But he didn’t go back to Hungary. Instead he left the free world and went to Nazi-controlled Vienna to meet Kurt Becher, who had been Himmler’s representative in Hungary. And once in Vienna, he didn’t stay with what remained of the Jewish community, but rather in the Grand Hotel, which was the headquarters of the SS. His room there was arranged by Dr. Karl Ebner, the deputy head of the Gestapo in Vienna. So at that point Kastner was actively moving among the inner circle of Nazi war criminals.

With regard to the Nazi concentration camps, the order came from Himmler. Kastner and Becher were to visit the concentration camps and make a show of handing them over peacefully to the Allies in order to create an alibi for Himmler.

Why did Kastner play along with this farce?

Because he understood at that point that he was in severe danger of being condemned as a collaborator after the war. So he had an incentive to help the Nazis if it created a joint alibi for all of them – Himmler, Becher, and Kastner.

At the Nuremberg Trials, Kastner actually submitted an affidavit on behalf of Kurt Becher, correct?

Yes. He gave an affidavit for Becher most famously. But he also provided one for Eichmann’s right hand man, Hermann Krumey, and the commander of the Waffen-SS, Hans Juttner. He also intervened in an attempt to stop Wisliceny’s execution. But he was too late for that.

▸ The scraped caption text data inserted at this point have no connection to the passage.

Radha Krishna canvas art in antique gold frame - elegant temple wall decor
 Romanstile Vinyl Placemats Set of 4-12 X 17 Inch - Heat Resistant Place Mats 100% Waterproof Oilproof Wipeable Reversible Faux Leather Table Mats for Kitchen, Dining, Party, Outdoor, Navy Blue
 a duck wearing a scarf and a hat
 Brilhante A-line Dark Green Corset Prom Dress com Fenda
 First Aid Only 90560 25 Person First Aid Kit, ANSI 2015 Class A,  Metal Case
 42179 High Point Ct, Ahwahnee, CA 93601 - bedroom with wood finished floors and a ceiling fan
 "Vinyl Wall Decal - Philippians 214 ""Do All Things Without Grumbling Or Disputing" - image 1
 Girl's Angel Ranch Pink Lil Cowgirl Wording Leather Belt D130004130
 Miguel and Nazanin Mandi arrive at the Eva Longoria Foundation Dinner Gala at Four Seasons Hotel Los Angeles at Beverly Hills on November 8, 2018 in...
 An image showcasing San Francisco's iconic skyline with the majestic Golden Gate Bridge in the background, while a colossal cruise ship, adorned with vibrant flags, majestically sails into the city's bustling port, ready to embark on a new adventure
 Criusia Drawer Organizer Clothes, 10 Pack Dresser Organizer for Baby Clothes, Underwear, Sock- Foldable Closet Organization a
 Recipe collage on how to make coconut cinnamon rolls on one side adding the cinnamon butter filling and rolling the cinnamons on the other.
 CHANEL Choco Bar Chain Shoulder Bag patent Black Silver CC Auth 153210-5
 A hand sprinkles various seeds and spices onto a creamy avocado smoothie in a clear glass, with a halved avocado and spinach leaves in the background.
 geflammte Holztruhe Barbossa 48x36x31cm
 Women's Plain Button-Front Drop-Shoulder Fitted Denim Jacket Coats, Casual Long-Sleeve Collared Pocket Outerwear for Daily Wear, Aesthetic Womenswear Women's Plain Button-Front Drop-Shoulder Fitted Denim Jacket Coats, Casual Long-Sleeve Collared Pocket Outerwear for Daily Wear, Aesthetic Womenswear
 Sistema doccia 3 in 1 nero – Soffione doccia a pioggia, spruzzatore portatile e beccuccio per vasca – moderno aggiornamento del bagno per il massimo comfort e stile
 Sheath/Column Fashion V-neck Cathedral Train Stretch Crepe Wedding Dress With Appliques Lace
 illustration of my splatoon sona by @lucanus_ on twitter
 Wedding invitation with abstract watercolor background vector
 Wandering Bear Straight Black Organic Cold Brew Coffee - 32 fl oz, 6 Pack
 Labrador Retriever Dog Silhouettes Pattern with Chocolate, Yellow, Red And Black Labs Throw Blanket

Your previous writings have concerned Israel and anti-Semitism. How did you come to write a book on Rudolph Kastner? 

When I first became interested in Kastner, I assumed he was innocent. Recognizing him as a traitor came as a real shock. I then became increasingly appalled at the way Kastner’s supporters ignored or dismissed the Holocaust survivors who had spoken out against him. I wrote this book because as a Jew I felt a strong obligation to these Holocaust survivors to make sure their testimony was not forgotten.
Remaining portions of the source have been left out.